Author: Heidi Jeter

When the City of River Falls needed qualified people to provide ecological monitoring for their dam removal projects, UW-River Falls faculty and students stepped in to fulfill this community need.

Thanks to a grant from the Freshwater Collaborative of Wisconsin, Zach Blackert, Environmental Geography major at UW-Eau Claire, was one of six students selected for the Dam Analysis and Monitoring Crew. The DAM Crew is a cooperative effort involving UW-River Falls, the Kiap-TU-Wish Chapter of Trout Unlimited, the Kinni Corridor Collaborative and Inter-Fluve. Read more at Dam Removal Project Opens Flow of Community-based Training and Research.

Here’s what they said about their experience.

Why did you choose to participate in this field experience?

Last spring I took an intro to geomorphology course, and my professor recommended the dam project. Then my mentor suggested it would be a good opportunity for someone interested in geomorphology and river work. I especially liked it being related to environmental restoration and conservation.

What did you learn? 

The field experience that we had during class was mostly identifying landscapes and being able to interpret them. We didn’t do much of the data collection like we did with the Freshwater Collaborative project. It was interesting to take the concepts that I learned in the classroom and apply them to the real world.

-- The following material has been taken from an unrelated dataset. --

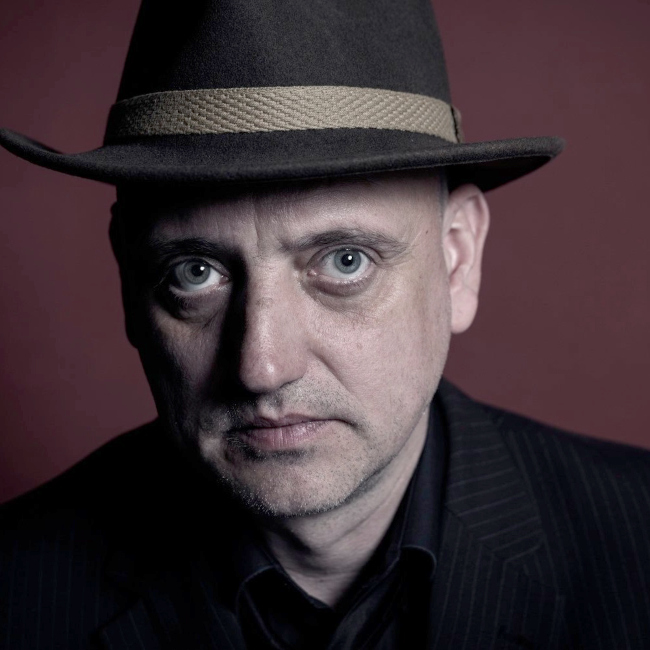 Portraitfoto des ernst blickenden Kai-Uwe Kohlschmidts mit Hut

Working with Sean Morrison at Inter-Fluve, we learned the ways that he or someone in his position would collect the data and how to understand the stream in a specific way. We got a holistic idea of what the river looks like at different stretches and then we learned how to blend that with all the stakeholders involved. My biggest takeaway was that you can do the science, but it’s really important to understand why you are doing the science. That was really groundbreaking for me.

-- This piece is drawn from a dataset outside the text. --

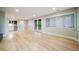Finished basement with hardwood floors, bar area, and walk-out access to the yard at 4532 Christensen Cir, Littleton, CO 80123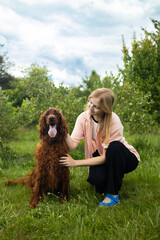 A young girl student is petting and feeding and playing with her pet dog in backyard. High quality...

Was there anything that surprised you?

It was surprising how invested in science the community was. Almost every day we were collecting data and we’d run into someone walking a dog or kayaking who would ask what we were doing, and we would tell them about the project. I’ve never been somewhere where people are so into the science.

What was the most challenging aspect?

Consistency. We developed the collection method together. We had the same understanding of what to do but each had a different way to do it. We had to communicate better and rely on each other as a team to present what we found. It’s not like any one person became an expert on all the data. You were a web of people who together had a holistic understanding of the data we collected.

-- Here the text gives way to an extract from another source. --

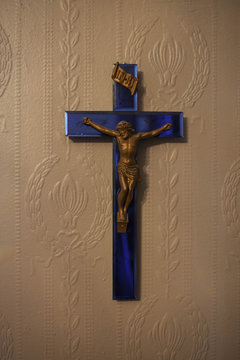 Cross hanging on a wall.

What was the benefit to interacting with students and faculty from a different university and with working professionals? 

I love Eau Claire, but there’s something interesting about going to a different program entirely. I met a lot of people with interesting majors and interests. It was a great networking opportunity.

I was the only one who doesn’t live in River Falls and had never been there. We spent a whole day learning the history of the river and being presented with all the previous data. I had a good understanding of what was going on with the river, and I felt like I could have those conversations with community members and other stakeholders about what’s going on.

It was really helpful to have conversations with someone like Sean who’s in a field I’m interested in. I could ask him about what he did at his job and what things he wished he’d focused on in college. It was interesting to see how things work and what employers are looking for. It was kind of like having a professional mentor in a sense.

What kind of career do you hope to go into after graduation? How will this experience help you attain your career goals?

I feel a lot more prepared to enter the workforce. Before I was on the fence about what I wanted to do. This cemented that I want to work with rivers and environmental restoration. It’s great to do the work and meet people — to see that this work matters and it’s worth doing. I got to really see how important the science is to the entire city and the entire watershed. It’s not just doing the science but helping the communities the science is connected to.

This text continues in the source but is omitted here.